Older vets don’t want to drive four hours, or their caretakers can’t take the time off from other jobs to bring them in to the Fargo VA Medical Center, Blixt said.

Younger vets are immersed in technology, so having medical care done electronically seems natural, he said.

Gas is also pricey and travel in the winter can be dicey, Hancock added.

Warren Tobin tried telemedicine six months ago.

The Stutsman County Veterans Service officer knew it was available in Jamestown’s VA clinic for two years before he did a nutrition consultation.

The former Air Force Minuteman missile officer said it was a huge timesaver – 90 minutes each way to and from Fargo.

“Those (consultations) usually take about 10 minutes. That’s an awful long way to drive from Fargo and back for a 10-minute appointment,” Tobin said.

“A face-to-face consult versus a two-way video consult is about the same thing. So that worked out real well,” he said.

The Fargo VA Medical Center serves North Dakota, northwest Minnesota, and parts of Montana and South Dakota. Outreach clinics are in Bemidji and Fergus Falls in northwest Minnesota; and Grand Forks, Grafton, Minot, Dickinson, Williston, Bismarck and Jamestown in North Dakota, Hancock said.

Fargo VA figures show that in fiscal year 2012, which ended Sept. 30, the VA spent $281,592 in direct costs reaching 2,957 patients in this region.
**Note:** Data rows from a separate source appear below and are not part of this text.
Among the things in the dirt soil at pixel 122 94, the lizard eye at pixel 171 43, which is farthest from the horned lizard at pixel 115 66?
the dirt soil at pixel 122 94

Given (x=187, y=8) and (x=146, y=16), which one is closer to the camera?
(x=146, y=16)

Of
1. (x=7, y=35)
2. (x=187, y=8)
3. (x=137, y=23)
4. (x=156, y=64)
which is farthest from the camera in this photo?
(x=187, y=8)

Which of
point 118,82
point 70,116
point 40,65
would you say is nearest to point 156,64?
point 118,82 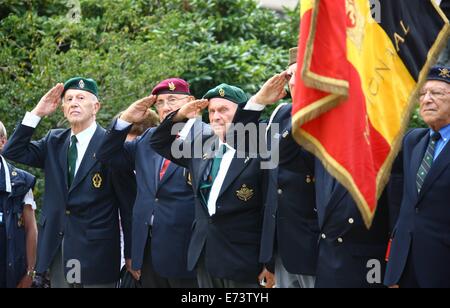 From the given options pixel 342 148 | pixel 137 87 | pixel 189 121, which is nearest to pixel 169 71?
pixel 137 87

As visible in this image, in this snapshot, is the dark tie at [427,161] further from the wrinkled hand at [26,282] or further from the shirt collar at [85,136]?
the wrinkled hand at [26,282]

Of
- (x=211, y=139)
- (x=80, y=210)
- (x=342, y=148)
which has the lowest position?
Answer: (x=80, y=210)

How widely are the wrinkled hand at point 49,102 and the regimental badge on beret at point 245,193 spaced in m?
1.83

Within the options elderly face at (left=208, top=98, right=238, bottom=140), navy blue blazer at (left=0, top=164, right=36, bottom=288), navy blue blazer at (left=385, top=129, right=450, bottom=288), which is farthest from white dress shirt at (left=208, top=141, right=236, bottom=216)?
navy blue blazer at (left=0, top=164, right=36, bottom=288)

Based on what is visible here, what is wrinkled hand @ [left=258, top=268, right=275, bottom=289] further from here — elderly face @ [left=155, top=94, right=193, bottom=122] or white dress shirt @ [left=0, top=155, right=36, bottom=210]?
white dress shirt @ [left=0, top=155, right=36, bottom=210]

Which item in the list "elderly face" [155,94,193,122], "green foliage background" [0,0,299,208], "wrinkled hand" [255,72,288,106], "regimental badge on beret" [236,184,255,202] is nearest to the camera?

Dr. Breton Weintraub is the director of primary care for the VA hospital and its clinics.

“We have clinics as far away as Williston, and that’s seven hours if it’s a minute by car,” Weintraub said.

If he has a provider that’s sick or is out with an emergency, he must find a replacement. Telemedicine allowed Weintraub to cover the Jamestown clinic for six weeks, Minot for a few weeks, and short stints in Fergus Falls.
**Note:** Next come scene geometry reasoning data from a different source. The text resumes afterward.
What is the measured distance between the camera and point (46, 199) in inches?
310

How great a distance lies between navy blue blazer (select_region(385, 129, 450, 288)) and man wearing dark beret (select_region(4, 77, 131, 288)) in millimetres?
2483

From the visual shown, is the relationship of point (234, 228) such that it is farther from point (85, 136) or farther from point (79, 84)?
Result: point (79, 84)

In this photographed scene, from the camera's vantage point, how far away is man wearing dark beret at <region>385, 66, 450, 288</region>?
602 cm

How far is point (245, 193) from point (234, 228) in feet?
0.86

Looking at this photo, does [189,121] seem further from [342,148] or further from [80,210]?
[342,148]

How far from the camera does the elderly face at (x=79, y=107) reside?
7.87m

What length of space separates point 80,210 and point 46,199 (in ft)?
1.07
“Instead of driving up there with all that entails, I can hook up with this,” he said, pointing at his computer and monitor set-up, “and we can see patients.”

It’s surprising how much can be done with the equipment and a trained technician on the other end, Weintraub said.

“When I first tried it out, I was like ‘Wow, this is a little weird.’ And I think that’s how the patients view it. They try it out and they’re like, ‘Wow, that was little weird, but it worked out better than I thought it would.’ ”

Weintraub uses what the VA calls “peripherals,” stethoscopes, otoscopes and other pieces of medical equipment on a telemedicine cart that a technician use at a physician’s direction to check heart and lung function, or get a close-up of ears, nose and throat problems. The carts also have high-resolution cameras that give clear, ultra close-up views of whatever they’re pointed at, be it a lesion, a wound or a post-operative incision.

Instead of thumping a patient on the chest, arm or leg to see if something hurts, Weintraub can get similar information by asking him or her to bend and turn, and observe the expression on their face to gauge discomfort.

“It saves everyone a lot of trouble. It’s really great. Can it do everything? No. Of course not. But it can do quite a lot of stuff,” Weintraub said. “I’m very happy with it.”

Many visits to a doctor don’t require a physical exam, Weintraub said. They might simply include talking with the patient, answering questions or going over test results.

“I think this is an invaluable tool. I can’t tell you how many patients have gotten up and they looked into the camera and said, ‘Thanks, Doc, I really appreciate not having to drive all the way down there to Fargo,’ I’ve heard that numerous times. And you can really provide a service for that veteran.”

The Fargo-area network can also tap the expertise of physicians in other Veteran Integrated Service Networks around the nation, with connections made as simply as you might order a movie, Blixt and Hancock said.

A veteran and his or her physician can get the help of a cardiac specialist in Minneapolis, or a genomic specialist in Salt Lake City, Blixt said.

“This is like a light-year jump” in health care delivery, Hancock said. “We’re very committed to doing this and doing this right,” he said.

The only limiting factor for the system is the amount of bandwidth available in rural areas to transmit large amounts of data quickly, Blixt said.

For his part, Tobin said veterans should consider giving telemedicine a shot.

“I think it’s important that veterans that have not had the opportunity to do it, give it a try,” he said. “I think they’d be pleased with it.”